Basic search provides a rudimentary implementation of traditional vector RAG (Retrieval-Augmented Generation) to enable easy comparison with GraphRAG's advanced search methods.

## Overview

While GraphRAG's local, global, and DRIFT search methods leverage the knowledge graph structure, basic search implements a straightforward vector similarity search over raw text chunks. This allows you to compare different search results based on the type of question you're asking.

<Info>
  **Purpose:** Basic search serves as a baseline to demonstrate the advantages of graph-based retrieval methods. It helps you understand when traditional RAG is sufficient and when GraphRAG's advanced methods provide significant value.
</Info>

## How it works

Basic search operates through a simple retrieval process:

### Vector similarity search

1. **Query embedding**: The user query is embedded using the same embedding model used for text units
2. **Similarity search**: Text units are ranked by semantic similarity to the query embedding
3. **Top-k selection**: The top `k` most similar text units are selected
4. **Context assembly**: Selected text units are concatenated to form the context

### Response generation

5. **Prompt construction**: A prompt is constructed with the retrieved text units as context
6. **LLM generation**: The LLM generates a response based on the context and query

```mermaid theme={null}
---
title: Basic search dataflow
---
flowchart LR
    uq[User Query] --> qe[Query Embedding]
    qe --> vs[Vector Similarity Search]
    tu[(Text Unit<br/>Embeddings)] --> vs
    vs --> tk[Top-K Text Units]
    tk --> ctx[Context Assembly]
    ctx --> llm[LLM Generation]
    llm --> res[Response]

    classDef turquoise fill:#19CCD3,stroke:#333,stroke-width:2px,color:#fff;
    classDef orange fill:#F19914,stroke:#333,stroke-width:2px,color:#fff;
    classDef purple fill:#B356CD,stroke:#333,stroke-width:2px,color:#fff;
    class uq,qe turquoise;
    class vs,tk,ctx orange;
    class res purple;
```

## Configuration

The `BasicSearch` class accepts the following key parameters:

<ParamField path="model" type="LLMCompletion" required>
  Language model chat completion object for response generation
</ParamField>

<ParamField path="context_builder" type="BasicContextBuilder" required>
  Context builder for preparing context from text units
</ParamField>

<ParamField path="system_prompt" type="str">
  Prompt template for generating the search response.

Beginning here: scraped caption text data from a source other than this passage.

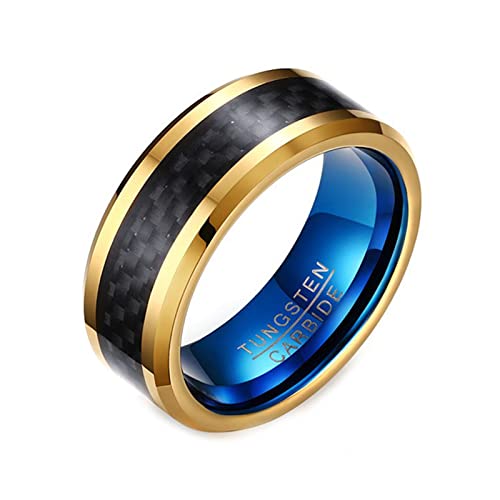 Bague tungstène fibre de carbone bague homme doré 8mm fantaisie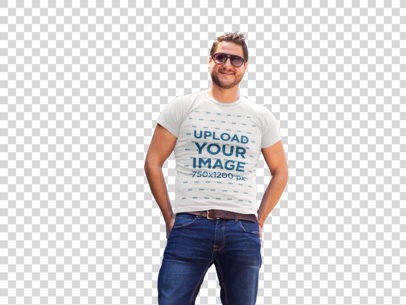 Transparent Young Happy Guy Wearing a Round Neck Tee Template While Outside a Closed Bar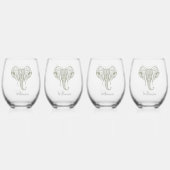 象の頭オリーブの緑をパーソナライズ ステムなしワイングラス (裏面)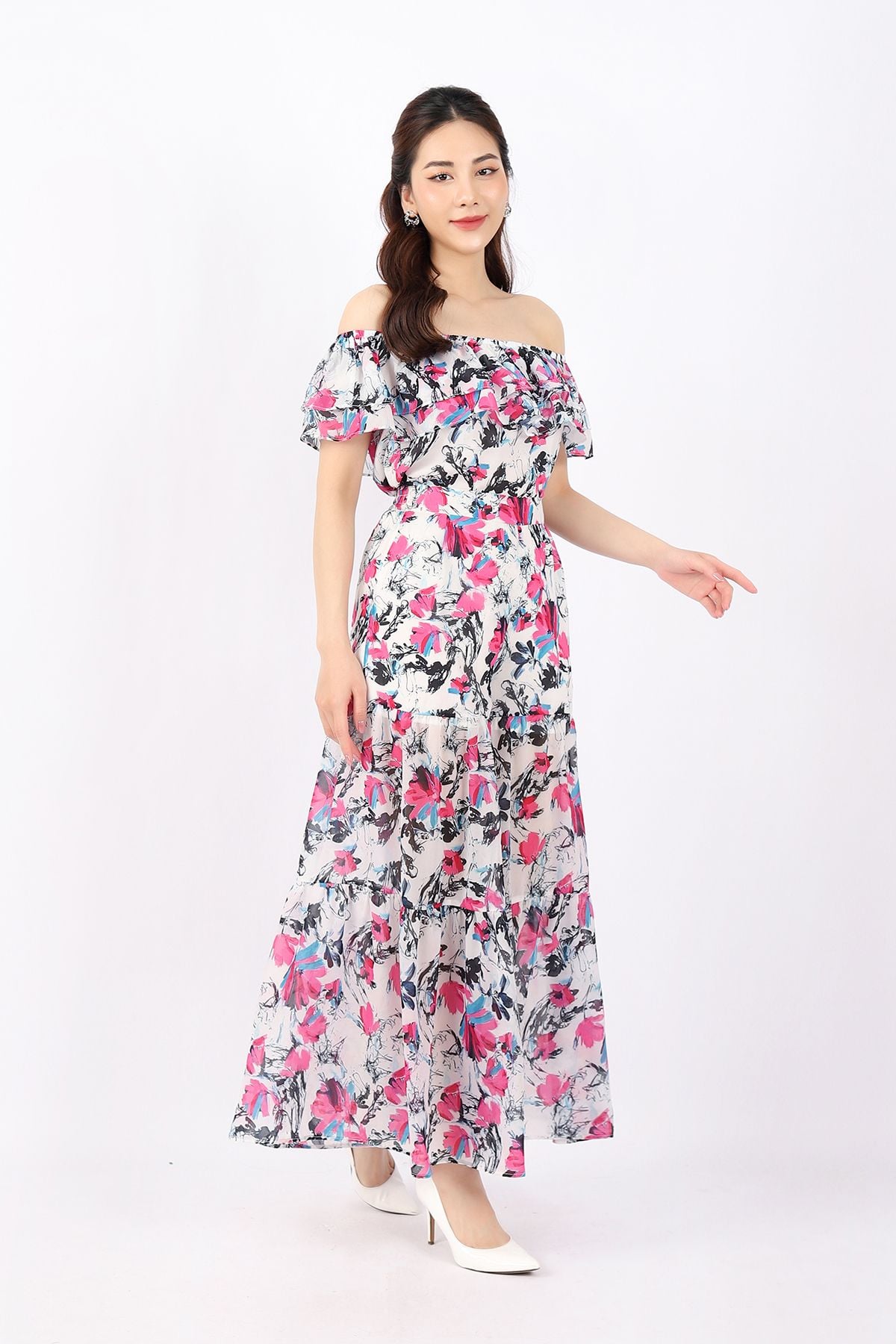 BQD32805 - Quần dạo phố vải chiffon dáng Xoè ống to rút nhún khóa thân sau - PANTIO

Default: `BASIC_SEARCH_SYSTEM_PROMPT`
</ParamField>

<ParamField path="response_type" type="str" default="multiple paragraphs">
  Free-form text describing the desired response format
</ParamField>

<ParamField path="tokenizer" type="Tokenizer">
  Token encoder for managing token budgets
</ParamField>

<ParamField path="model_params" type="dict">
  Additional parameters (e.g., temperature, max\_tokens) passed to the LLM call
</ParamField>

<ParamField path="context_builder_params" type="dict">
  Additional parameters passed to the context builder. Common parameters:

  * `k`: Number of top text units to retrieve (default varies by configuration)
  * `max_context_tokens`: Maximum tokens for context window
</ParamField>

<ParamField path="callbacks" type="list[QueryCallbacks]">
  Optional callback functions for event handlers during execution
</ParamField>

## API usage

### Basic usage

```python theme={null}
from graphrag.api import basic_search
from graphrag.config import GraphRagConfig
import pandas as pd

# Load your configuration
config = GraphRagConfig.from_file("settings.yaml")

# Load text units
text_units = pd.read_parquet("output/text_units.parquet")

# Perform basic search
response, context = await basic_search(
    config=config,
    text_units=text_units,
    response_type="Multiple Paragraphs",
    query="What are the main topics discussed in the documents?"
)

print(response)
```

### Streaming usage

```python theme={null}
from graphrag.api import basic_search_streaming

# Stream the response
async for chunk in basic_search_streaming(
    config=config,
    text_units=text_units,
    response_type="Multiple Paragraphs",
    query="What are the main topics discussed in the documents?"
):
    print(chunk, end="", flush=True)
```

### Custom top-k configuration

```python theme={null}
from graphrag.query.factory import get_basic_search_engine

# Create search engine with custom parameters
search_engine = get_basic_search_engine(
    config=config,
    text_units=text_units,
    text_unit_embeddings=embedding_store,
    response_type="List",
    context_builder_params={
        "k": 20,  # Retrieve top 20 text units
        "max_context_tokens": 6000
    }
)

result = await search_engine.search(query="Your question")
print(result.response)
```

## Performance considerations

### Top-k selection

The number of text units retrieved significantly impacts results:

<CodeGroup>
  ```python Low k (faster, cheaper) theme={null}
  context_params = {
      "k": 5,  # Only 5 chunks
      "max_context_tokens": 3000
  }
  ```

  ```python Medium k (balanced) theme={null}
  context_params = {
      "k": 10,  # Default range
      "max_context_tokens": 6000
  }
  ```

  ```python High k (comprehensive) theme={null}
  context_params = {
      "k": 20,  # More chunks for context
      "max_context_tokens": 10000
  }
  ```
</CodeGroup>

### Embedding quality

Basic search performance depends heavily on embedding quality:

* **Embedding model**: Use the same model for queries and text units
* **Text unit size**: Chunk size affects granularity of retrieval
* **Semantic coverage**: Works best when query terms appear in text units

## Limitations

Basic search has several limitations compared to GraphRAG's advanced methods:

<Warning>
  **Known limitations:**

  1. **No structural understanding**: Cannot leverage entity relationships or community structure
  2. **Limited aggregation**: Poor performance on questions requiring synthesis across multiple topics
  3. **Semantic similarity bias**: Relies only on text similarity, not conceptual relationships
  4. **No entity awareness**: Cannot reason about specific entities or their attributes
  5. **Context fragmentation**: Retrieved chunks may not provide coherent context
</Warning>

### When basic search fails

<AccordionGroup>
  <Accordion title="Aggregation questions">
    **Question:** "What are the top 5 themes in the dataset?"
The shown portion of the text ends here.